Hello Dracula is a 2020 South Korean television series starring Seohyun, Lee Ji-hyun, Lee Joo-bin, Go Na-hee and Seo Eun-yool. Part of the omnibus project Drama Festa, it aired on JTBC on February 17–18, 2020.

==Synopsis==
Three stories of people trying to overcome their own problems, their draculas.

==Cast==
===Main===
- Seohyun as An-na
An elementary school teacher who usually hides her emotions from her mother since the day she came out to her as a lesbian. She suffers from depression and has recently parted ways with her girlfriend of 8 years.
- Lee Ji-hyun as Mi-young
A famous television series writer and An-na's mother who uses her daughter's name as a pen name. She cares for An-na in her own way, unaware that the latter feels suffocated.
- Lee Joo-bin as Seo-yeon
Lead singer of the band Ashes, she also gives music classes at the same elementary school where An-na teaches since her career as a musician does not pay much. She struggles between realizing her dreams and living her reality.
- Go Na-hee as Yu-ra
One of An-na's students, she comes from a poor family and is often called a beggar by bullies. Because of a redevelopment project, her family is forced to move out and she has to change schools.
- Seo Eun-yool as Ji-hyung
Yu-ra's friend.

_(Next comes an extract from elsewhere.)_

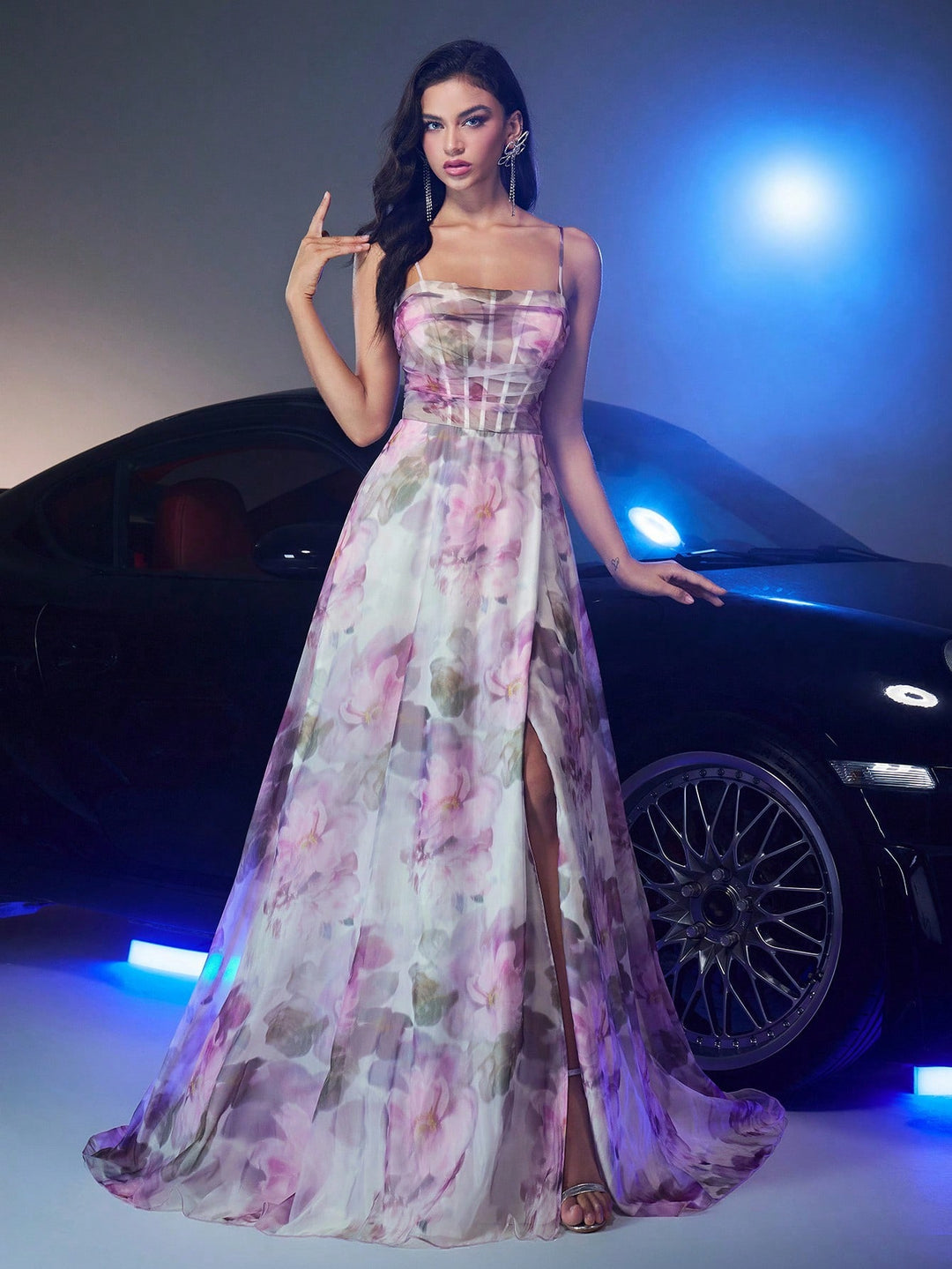 Rochie SHEIN, mix culori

His reality is entirely different from hers as his father is a university professor. His mother is unhappy with his friendship with Yu-ra because of the social class she belongs to.

===Supporting===
- Oh Man-seok as Jong-su
A dentist who also gives life lessons to Mi-young, Seo-yeon, Yu-ra and Ji-hyung.
- Ji Il-joo as Sang-gu
Seo-yeon's ex-boyfriend who left her a year ago. He was cheating on her.
- Lee Chung-ah as So-jung
An-na's ex-girlfriend. She decided to break up due to social and family pressure.
- Moon Ji-hoo as Choi Seon-saeng
A teacher at an elementary school. He is friends with Anna and has good feelings for her.

==Original soundtrack==

| No. | Title | Artist | Length |
|---|---|---|---|
| 1. | "Lean On Me" | SE O | 2:51 |
| 2. | "No One Knows" | SE O | 3:23 |
| 3. | "Something" | Simon Webster, Aalia | 3:34 |
| 4. | "Lean On Me" (Inst.) | SE O | 2:51 |
| 5. | "No One Knows" (Inst.) | SE O | 3:23 |
| 6. | "Something" (Inst.) | Simon Webster | 3:34 |
| 7. | "Hello Dracula" | Park Sejun, Kim Minji | 1:49 |
| 8. | "A Painful Memory" | Park Sejun, Woo Jihyun | 2:40 |
| 9. | "Little Boy's Dream" | Lee Nyeom | 2:40 |
| 10. | "Behind You" | Park Sejun, Woo Jihyun | 2:06 |
| 11. | "Failure Of Love" | Park Sejun, Woo Jihyun | 2:22 |
| 12. | "Not Today" | Park Sejun, Woo Jihyun | 1:42 |
| 13. | "No One Knows" (Tension Ver.) | Park Sejun, Lim Seoyoung | 1:38 |
| 14. | "Maum" | Park Sejun, Kim Minji | 3:34 |
| 15. | "Luminate On You" | Park Sejun, Woo Jihyun | 2:16 |
| 16. | "Love Is There" | Lee Nyeom | 2:06 |
| 17. | "Look At You" | Park Sejun, Woo Jihyun | 2:14 |
| 18. | "Faded Photo" | Park Sejun, Kim Minji | 2:16 |
| 19. | "Can Not Breath" | Park Sejun, Woo Jihyun | 2:55 |
| 20. | "Deaf Today" | Park Sejun, Woo Jihyun | 2:55 |
| 21. | "Bright Sight" | Park Sejun | 3:07 |
| 22. | "Sand Clock" | Park Sejun, Kim Minji | 2:51 |
| 23. | "Why Not Me" | Lee Nyeom | 3:15 |
| 24. | "Waltz In Fairy Tale" | Park Sejun, Lee Nyeom | 2:45 |
| 25. | "Killing Scent" | Park Sejun, Woo Jihyun | 2:33 |
| 26. | "Weakness" | Park Sejun, Woo Jihyun | 2:16 |
| 27. | "Waves If Emotion" | Park Sejun, Woo Jihyun | 1:36 |
| 28. | "Shall We Go Out" | Song Jinseok | 2:01 |

==Ratings==

| Ep. | Broadcast date | Title | Average audience share (Nielsen Korea) |
|---|---|---|---|
| 1 | February 17, 2020 | I Want to Stop Being Nice Now... (나 이제 그만 착하고 싶어...) | 1.238% |
| 2 | February 18, 2020 | Should We Do This Until We Die? (우리 죽을 때까지 이래야 돼?) | 0.885% |
| Average |  |  | 1.062% |

- This drama aired on a cable channel/pay TV which normally has a relatively smaller audience compared to free-to-air TV/public broadcasters (KBS, SBS, MBC and EBS).